About this exercise ->
Below is a listing with pictures. Repeat exactly the lines starting at the one holding "Worker sweeping adusty" and going on through the one holding "Close-up of a", and leave every picture out.

== Data shown ==

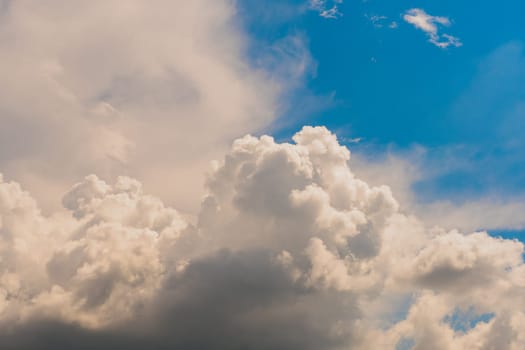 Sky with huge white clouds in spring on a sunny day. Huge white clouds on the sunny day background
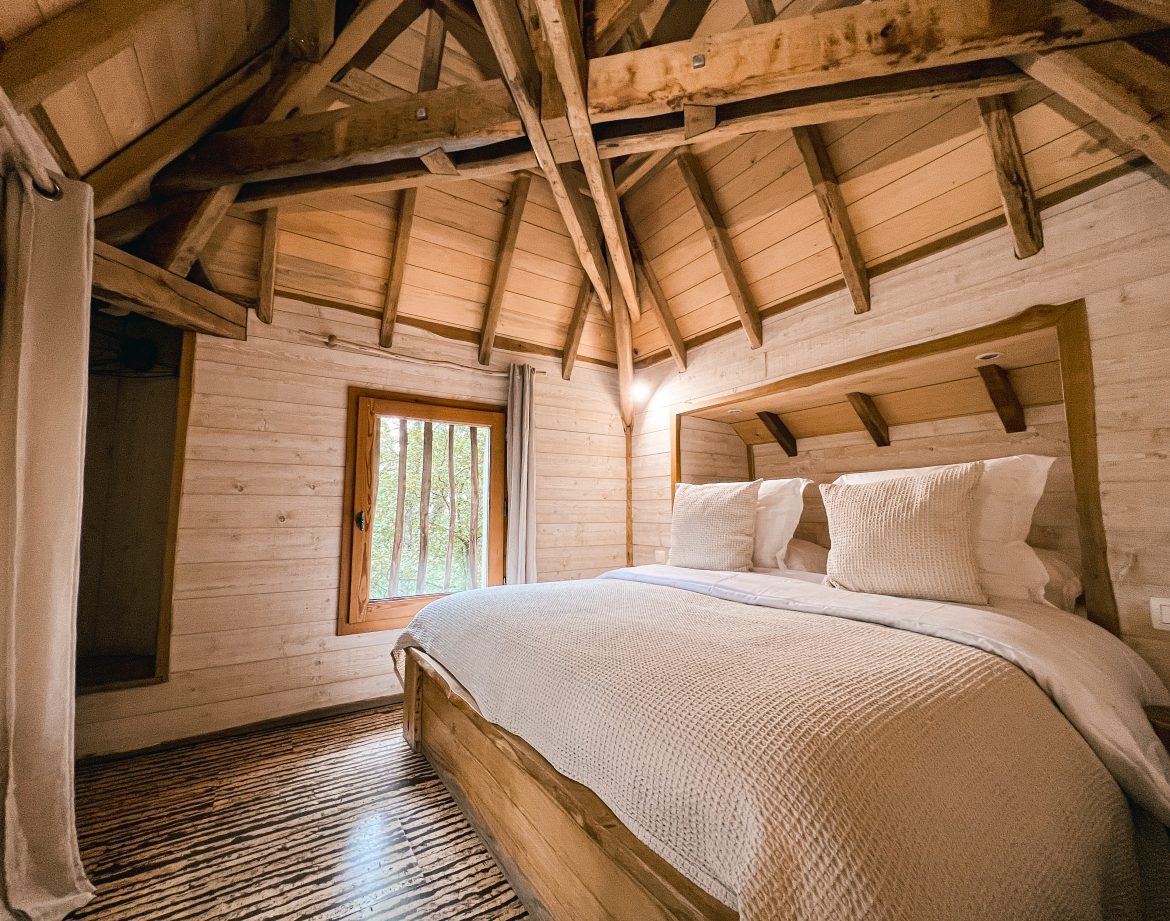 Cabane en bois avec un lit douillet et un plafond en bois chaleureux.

===
== Data shown ==

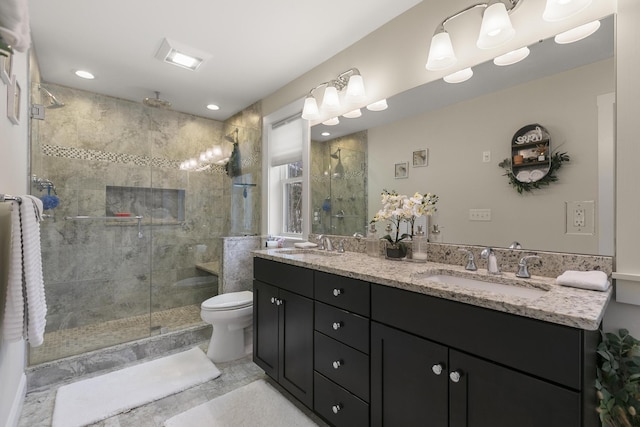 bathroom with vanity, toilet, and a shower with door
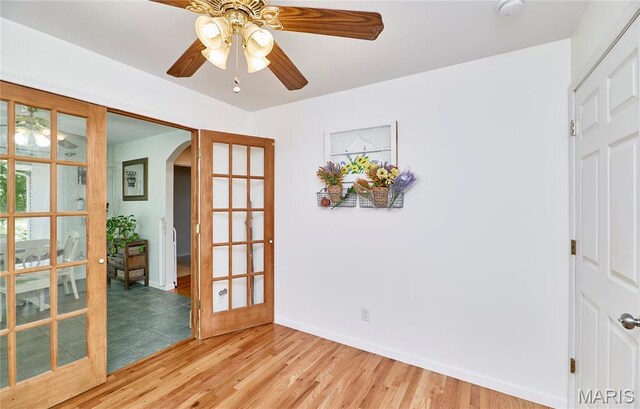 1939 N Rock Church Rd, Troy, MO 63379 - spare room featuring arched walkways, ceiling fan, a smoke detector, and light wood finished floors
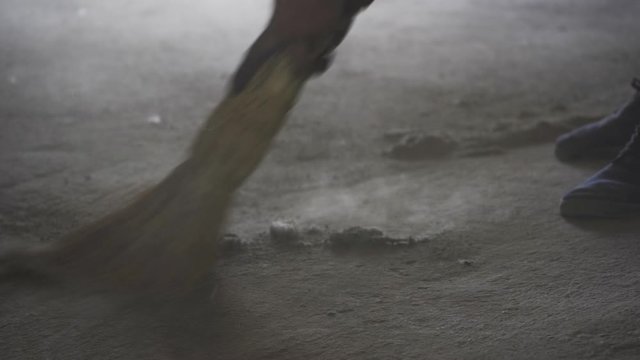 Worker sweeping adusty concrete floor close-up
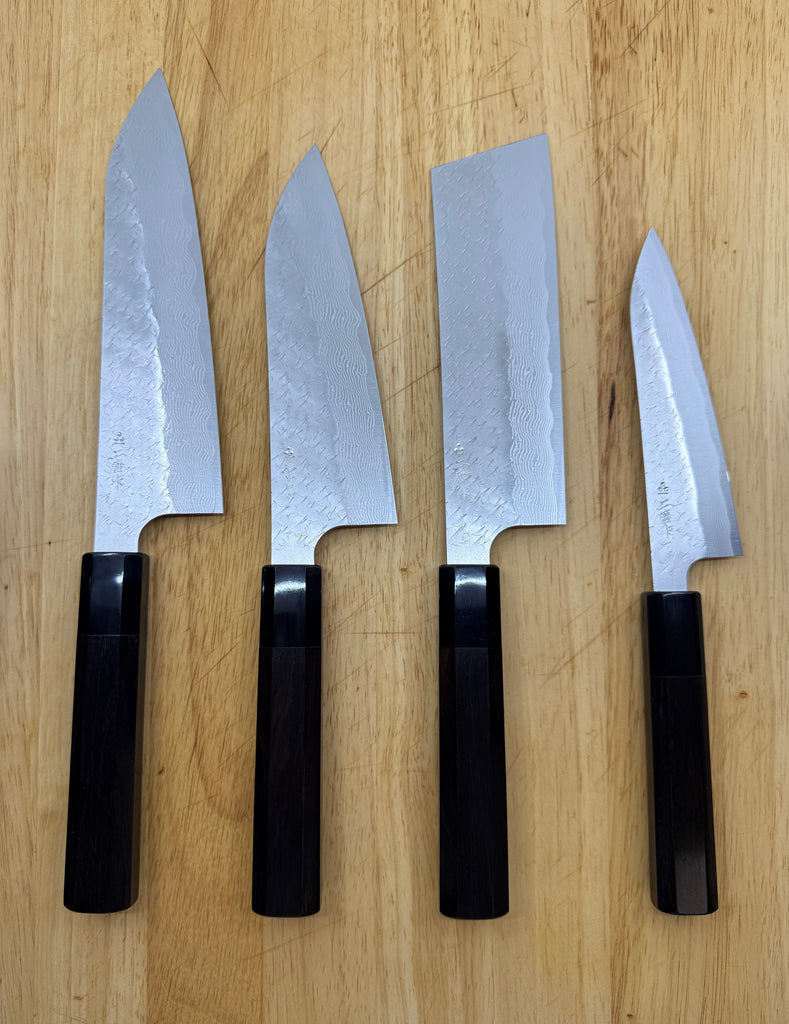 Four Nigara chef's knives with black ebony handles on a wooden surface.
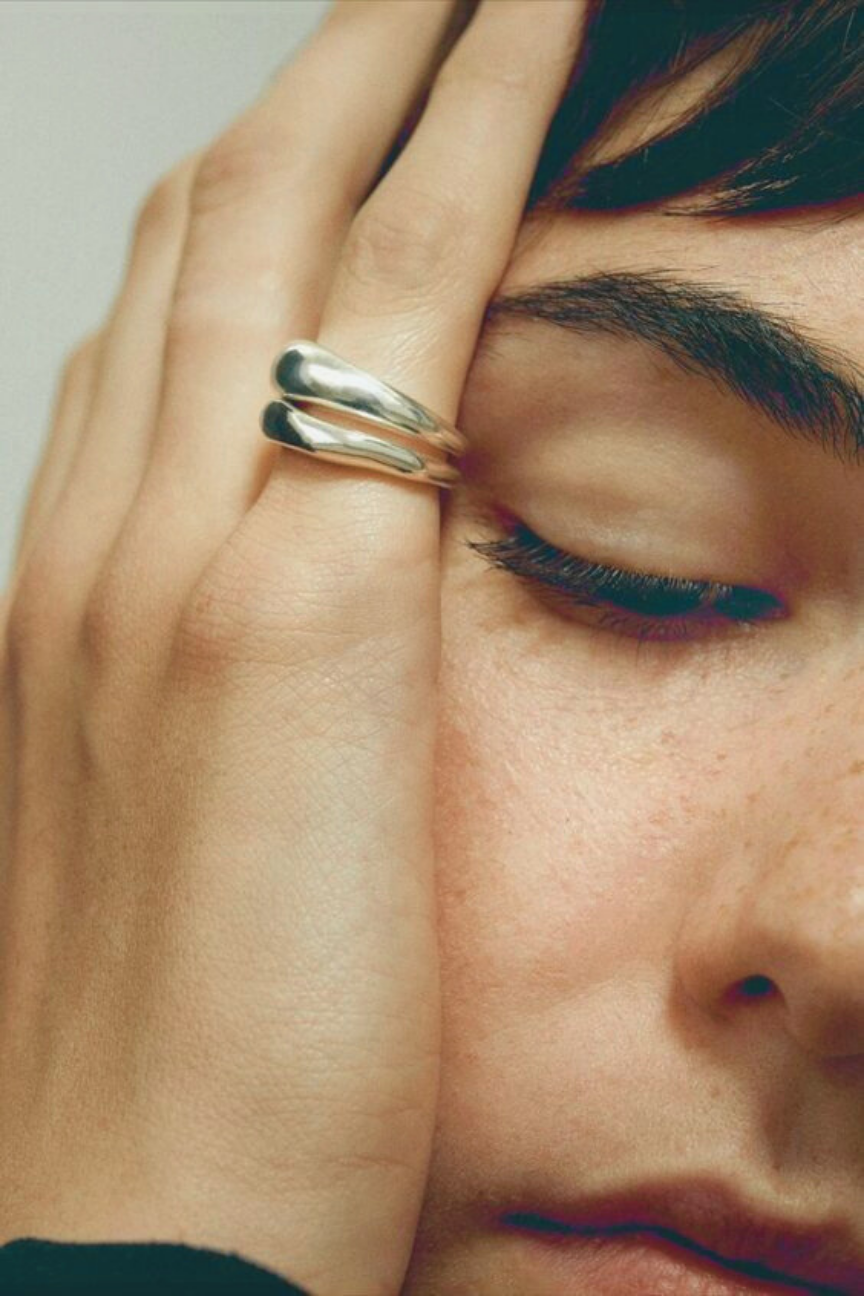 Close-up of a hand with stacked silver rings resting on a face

===
== Data shown ==

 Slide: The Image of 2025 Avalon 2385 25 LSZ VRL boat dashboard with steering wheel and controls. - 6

===

Finished task ->
 Worker sweeping adusty concrete floor close-up
 Four Nigara chef's knives with black ebony handles on a wooden surface.
 Close-up of a hand with stacked silver rings resting on a face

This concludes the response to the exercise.